The Court of Appeal has ruled that three modified crew-cab vehicles provided by Coca-Cola to its employees, who used them privately, are cars rather than vans, despite the vehicles having the outward appearance of a van.
The three vans in question were panel vans modified with a second row of seats behind the driver, turning them into crew cabs. With two of the vehicles, the additional seats could only be removed with tools. For the other vehicle, the seats were removed during working hours.
For benefit purposes, classification as a van depends on a vehicle being primarily suited to the carrying of goods.
The Court of Appeal’s view was that the modifications had transformed the three vans into multi-purpose vehicles, equally suitable for carrying either goods or passengers. Not being primarily suited to the carrying of goods, the vehicles therefore did not qualify as vans.
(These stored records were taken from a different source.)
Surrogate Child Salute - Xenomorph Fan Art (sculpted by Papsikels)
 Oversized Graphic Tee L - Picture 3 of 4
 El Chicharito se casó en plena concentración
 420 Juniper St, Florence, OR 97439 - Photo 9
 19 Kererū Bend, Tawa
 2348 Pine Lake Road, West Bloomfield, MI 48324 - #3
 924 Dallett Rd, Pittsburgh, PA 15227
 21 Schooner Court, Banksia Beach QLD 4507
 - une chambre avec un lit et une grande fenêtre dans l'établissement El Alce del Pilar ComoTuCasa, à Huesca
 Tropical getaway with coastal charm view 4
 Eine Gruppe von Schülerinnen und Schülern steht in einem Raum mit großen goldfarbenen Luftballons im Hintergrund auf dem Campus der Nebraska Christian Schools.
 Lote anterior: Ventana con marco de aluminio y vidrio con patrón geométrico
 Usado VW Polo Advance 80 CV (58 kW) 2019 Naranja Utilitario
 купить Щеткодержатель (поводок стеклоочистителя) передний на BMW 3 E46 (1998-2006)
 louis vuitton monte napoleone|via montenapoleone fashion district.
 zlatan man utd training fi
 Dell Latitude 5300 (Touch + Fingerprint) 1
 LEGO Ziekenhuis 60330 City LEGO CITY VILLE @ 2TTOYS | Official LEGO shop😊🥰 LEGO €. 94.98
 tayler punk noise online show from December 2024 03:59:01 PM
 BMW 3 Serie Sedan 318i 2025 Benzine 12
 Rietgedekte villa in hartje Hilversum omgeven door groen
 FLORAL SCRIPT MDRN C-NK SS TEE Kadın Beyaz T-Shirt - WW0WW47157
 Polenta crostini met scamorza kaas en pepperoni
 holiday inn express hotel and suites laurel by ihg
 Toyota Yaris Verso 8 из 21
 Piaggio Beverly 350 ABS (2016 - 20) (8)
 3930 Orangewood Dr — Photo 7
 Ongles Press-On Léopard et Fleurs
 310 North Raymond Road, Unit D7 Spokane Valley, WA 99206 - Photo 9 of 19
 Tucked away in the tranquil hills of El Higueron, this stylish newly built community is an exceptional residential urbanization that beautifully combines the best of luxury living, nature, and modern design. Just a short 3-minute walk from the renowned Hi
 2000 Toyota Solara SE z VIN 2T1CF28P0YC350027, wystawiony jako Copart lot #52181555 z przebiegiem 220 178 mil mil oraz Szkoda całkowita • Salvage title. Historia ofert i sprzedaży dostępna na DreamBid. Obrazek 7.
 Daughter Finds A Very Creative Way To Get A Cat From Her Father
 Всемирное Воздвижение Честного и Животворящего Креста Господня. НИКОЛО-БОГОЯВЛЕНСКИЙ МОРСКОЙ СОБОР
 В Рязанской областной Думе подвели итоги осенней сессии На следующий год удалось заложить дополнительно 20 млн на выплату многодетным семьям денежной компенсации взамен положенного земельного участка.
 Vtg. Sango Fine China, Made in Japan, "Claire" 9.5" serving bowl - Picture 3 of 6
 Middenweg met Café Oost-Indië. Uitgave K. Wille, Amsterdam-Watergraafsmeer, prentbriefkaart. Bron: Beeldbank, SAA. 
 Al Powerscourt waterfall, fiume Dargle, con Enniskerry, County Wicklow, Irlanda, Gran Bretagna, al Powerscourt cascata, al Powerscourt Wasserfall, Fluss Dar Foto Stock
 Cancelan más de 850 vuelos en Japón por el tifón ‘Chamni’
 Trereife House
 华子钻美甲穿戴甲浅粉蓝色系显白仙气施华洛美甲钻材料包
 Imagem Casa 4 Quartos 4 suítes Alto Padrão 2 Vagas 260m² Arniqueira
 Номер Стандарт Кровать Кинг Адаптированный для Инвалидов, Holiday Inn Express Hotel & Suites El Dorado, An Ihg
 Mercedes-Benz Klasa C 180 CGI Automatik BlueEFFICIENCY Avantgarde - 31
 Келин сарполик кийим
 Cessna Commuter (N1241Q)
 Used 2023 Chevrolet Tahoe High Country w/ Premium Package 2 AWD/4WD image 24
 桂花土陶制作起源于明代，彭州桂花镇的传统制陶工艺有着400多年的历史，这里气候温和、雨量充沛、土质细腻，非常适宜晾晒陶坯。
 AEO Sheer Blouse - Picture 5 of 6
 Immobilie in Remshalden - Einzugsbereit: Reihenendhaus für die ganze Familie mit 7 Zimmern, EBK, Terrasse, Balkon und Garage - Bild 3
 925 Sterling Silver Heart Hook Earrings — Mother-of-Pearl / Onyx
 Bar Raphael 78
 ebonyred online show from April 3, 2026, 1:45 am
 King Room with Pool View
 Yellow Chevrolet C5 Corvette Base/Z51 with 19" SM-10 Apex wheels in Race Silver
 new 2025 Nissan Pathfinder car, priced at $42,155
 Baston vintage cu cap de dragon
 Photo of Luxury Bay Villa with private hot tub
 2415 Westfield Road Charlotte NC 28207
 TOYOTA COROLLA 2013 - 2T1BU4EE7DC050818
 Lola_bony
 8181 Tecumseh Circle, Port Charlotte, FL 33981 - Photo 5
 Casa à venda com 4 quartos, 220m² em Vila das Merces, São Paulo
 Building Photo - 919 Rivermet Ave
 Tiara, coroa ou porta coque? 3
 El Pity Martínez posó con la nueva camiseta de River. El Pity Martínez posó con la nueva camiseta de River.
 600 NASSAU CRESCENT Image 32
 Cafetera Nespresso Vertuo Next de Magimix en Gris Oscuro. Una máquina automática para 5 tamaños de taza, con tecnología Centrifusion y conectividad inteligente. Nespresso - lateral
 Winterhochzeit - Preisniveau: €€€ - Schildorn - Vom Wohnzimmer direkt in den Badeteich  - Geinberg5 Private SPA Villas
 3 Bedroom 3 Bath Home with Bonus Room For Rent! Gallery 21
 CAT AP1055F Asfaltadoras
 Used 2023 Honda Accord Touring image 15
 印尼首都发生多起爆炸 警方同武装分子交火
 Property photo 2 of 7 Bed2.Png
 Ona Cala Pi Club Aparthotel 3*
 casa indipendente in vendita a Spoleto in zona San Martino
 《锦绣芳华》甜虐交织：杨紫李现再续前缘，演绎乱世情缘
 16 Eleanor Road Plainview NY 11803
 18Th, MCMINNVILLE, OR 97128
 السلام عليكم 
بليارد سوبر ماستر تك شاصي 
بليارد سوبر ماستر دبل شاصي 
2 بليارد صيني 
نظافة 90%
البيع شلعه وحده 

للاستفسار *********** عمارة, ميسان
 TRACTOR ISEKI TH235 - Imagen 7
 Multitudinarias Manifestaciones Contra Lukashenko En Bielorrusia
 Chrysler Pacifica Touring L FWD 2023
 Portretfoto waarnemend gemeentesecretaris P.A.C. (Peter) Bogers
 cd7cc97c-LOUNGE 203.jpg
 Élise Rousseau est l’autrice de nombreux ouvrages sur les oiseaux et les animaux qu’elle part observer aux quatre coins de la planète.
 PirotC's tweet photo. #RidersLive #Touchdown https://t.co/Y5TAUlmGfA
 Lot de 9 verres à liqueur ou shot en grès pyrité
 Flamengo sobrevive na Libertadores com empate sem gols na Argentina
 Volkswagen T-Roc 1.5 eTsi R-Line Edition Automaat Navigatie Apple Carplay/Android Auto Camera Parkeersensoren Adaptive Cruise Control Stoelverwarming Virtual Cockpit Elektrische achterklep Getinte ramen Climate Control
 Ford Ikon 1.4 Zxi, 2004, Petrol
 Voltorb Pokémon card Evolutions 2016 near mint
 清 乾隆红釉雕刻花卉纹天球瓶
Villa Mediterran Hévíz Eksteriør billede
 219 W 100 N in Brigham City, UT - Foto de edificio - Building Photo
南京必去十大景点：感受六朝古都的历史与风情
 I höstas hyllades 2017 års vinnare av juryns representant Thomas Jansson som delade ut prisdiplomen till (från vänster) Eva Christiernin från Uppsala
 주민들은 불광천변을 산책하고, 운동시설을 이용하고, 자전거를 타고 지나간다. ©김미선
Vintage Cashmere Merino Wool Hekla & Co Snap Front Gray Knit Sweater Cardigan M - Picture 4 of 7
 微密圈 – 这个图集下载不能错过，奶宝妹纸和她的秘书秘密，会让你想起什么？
What a vehicle looks like on the inside overrides its outward appearance.
The decision could also see crew cabs reclassified for capital allowance purposes (so no annual investment allowance), but still considered vans for VAT purposes provided they can carry a payload of one tonne or more.
Employers should be aware of the tax implications of providing similar modified crew cab vehicles where private use is permitted.
The decision will mean a higher benefit charge for employees, and additional class 1A NICs for employers. The change should be applied from 2020/21 onwards, and also potentially backdated to 2018/19 (when the case was heard at the Upper Tribunal).